La cruda sinceridad de esa obra (Cordero) – siniestramente bella - , puede evocar en el cronista al “cordero de Dios que quita los pecados del mundo”. Lo admite: habla del sacrificio y narra – como si recién encontrara la relación – que ese cordero fue tallado en una época en la que trabajaba, por encargo, en la talla del altar mayor de la Iglesia de Avellaneda. “Ese cordero nació de un fragmento de mármol de los bloques que usaba en ese trabajo”.
Insiste: “La forma que me gusta ir formando en mí es la del artista que hacia el bisonte en Altamira, o del que pintaba su mano acá, en el sur.
Entonces, Estela concibe su obra, paralelamente como una obra en sí y como un trabajo de concientización, de conceptualización, de la belleza, de los materiales que la encierran.
Explica: “En la Argentina, por ejemplo, no hay cultura de la piedra. Los arquitectos casi no lo incluyen en sus planes. Sin embargo, aquí nomás, en la Isla Martín García, hay una cantera natural de granito. Y también está Sierra Chica.”

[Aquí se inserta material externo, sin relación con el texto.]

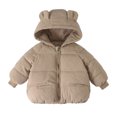 thumbnail image 2 of Jinhomg Baby Boys Girls Coats Toddler Winter Jacket Cute Bear Ear Hooded Down Coat Kids Warm Outerwear Khaki 120, 2 of 5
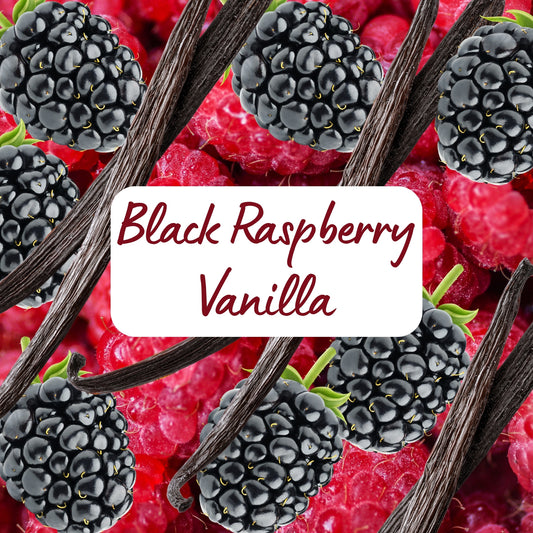 Black raspberries and vanilla beans with 'Black Raspberry Vanilla' text overlay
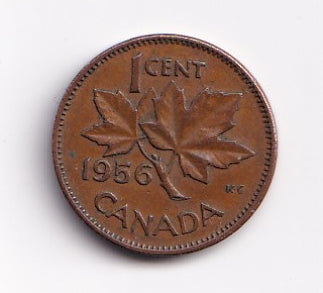 1956 Canadian 1‑cent bronze penny MS‑63 Red (Choice Uncirculated Red)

Esas presencias dormidas en la tierra se mueven en su imaginación de artista, especie de poética voluntad titánica. Sueña con trasladar a un centro cultural un enorme bloque de piedra, partilo en pedazos, desplegarlo
en el piso, construir el laberinto natural que forma con sus partes “y hacer que el público camine entre esas nuevas formas para que sienta la misma emoción que yo siento”. Todo, en él – su ansiedad o su desazón creadora, la angustia o el placer del material – termina en la comunión. “Estoy haciendo un banco que tal vez estará en la plaza Torcuato de Alvear, de Recoleta. Mi emoción final llegará cuando vea a una pareja haciendo el amor sobre ese banco, o a un linyera durmiendo en él. He realizado otra obra destinada al andén de una estación de Retiro. Me gustaría que la gente – imagino dos provincianos – se cite junto a esa estatua, como ahora se citan abajo del reloj.”